Australian dollar on the skids

See the latest Australian dollar analysis here:

Macro Afternoon

I think the AUD/USD exchange rate has made a medium term top at 1.1013 which is associated with what appears to be a turn in the USD and other markets at present.

Turning points are never easy times for markets as the previous bulls cling to their tendencies and the emerging bears are a bit shy of using the full force of their conviction for fear of getting stampeded, Pamplona style. It makes for skittish trade, which is what we are seeing at the moment particularly in the AUD which traded in a 3 cent range in the past 2 days in particular and last week in general.

So I thought it worth a quick look at the technicals to see what the price action is telling us, if anything.

This first chart is the hourly of the AUD/USD for the past month.


What is clear form this chart is the broad uptrend has been replaced by the last weeks’ even more broad downtrend. What is evident in this chart is that the average range per hour has also spiked. The Aussie currently has an average true range of 35 pips from a high just under 50 pips last week but just 25 pips for most of the previous month. These small pips might only sound tiny but they are important because when volatility rises conviction to trades normally drops and so you get a self reinforcing volatility loop.

It’s consistent with the struggle between bulls and bears.

What the chart tells us on the hourlies is that the zone between last week’s low at 1.0537 and last night’s low of 1.0570 is key short term support. Top side resistance is falling with the trend and sits at 1.0690-1.0766 which is the 38.2%-61.8% Fibonacci region. Above that 1.0865 is the top of the downtrend as I write.

Lets have a look at the daily chart and see what that adds.

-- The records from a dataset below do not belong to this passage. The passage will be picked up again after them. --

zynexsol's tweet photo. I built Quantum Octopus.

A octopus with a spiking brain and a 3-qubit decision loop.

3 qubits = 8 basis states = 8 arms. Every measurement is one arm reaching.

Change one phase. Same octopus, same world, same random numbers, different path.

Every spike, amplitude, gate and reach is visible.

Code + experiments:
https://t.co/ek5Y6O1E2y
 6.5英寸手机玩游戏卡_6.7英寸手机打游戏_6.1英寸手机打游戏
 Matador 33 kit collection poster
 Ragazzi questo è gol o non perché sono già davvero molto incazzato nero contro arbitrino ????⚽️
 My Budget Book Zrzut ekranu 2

You’ll need to click on the chart to blow it up and get a good feel for it but we can see that the top of the old uptrend  that goes back to 2009 is currently supporting the Aussie on a close basis. Why old trendlines work like this is hard to fathom b ut almost 25 years of doing this has taught me that often they do – so I don’t question it, just observe. 

More importantly is the 38.2% retracement level of the March to May move which took the Aussie from .9706 to 1.1013. this level at 1.0513 reinfoces this low 1.05 region as key support for the Aussie both in the hourlies and on the dailies. A push through here signals a move to next support at 1.0359 and 1.0205.

Once again I’d highlight the increase in the ATR which has risen to a 5 month high at 1.23 cents per hour. As noted above this will lead to smaller positions, less conviction and more volatility.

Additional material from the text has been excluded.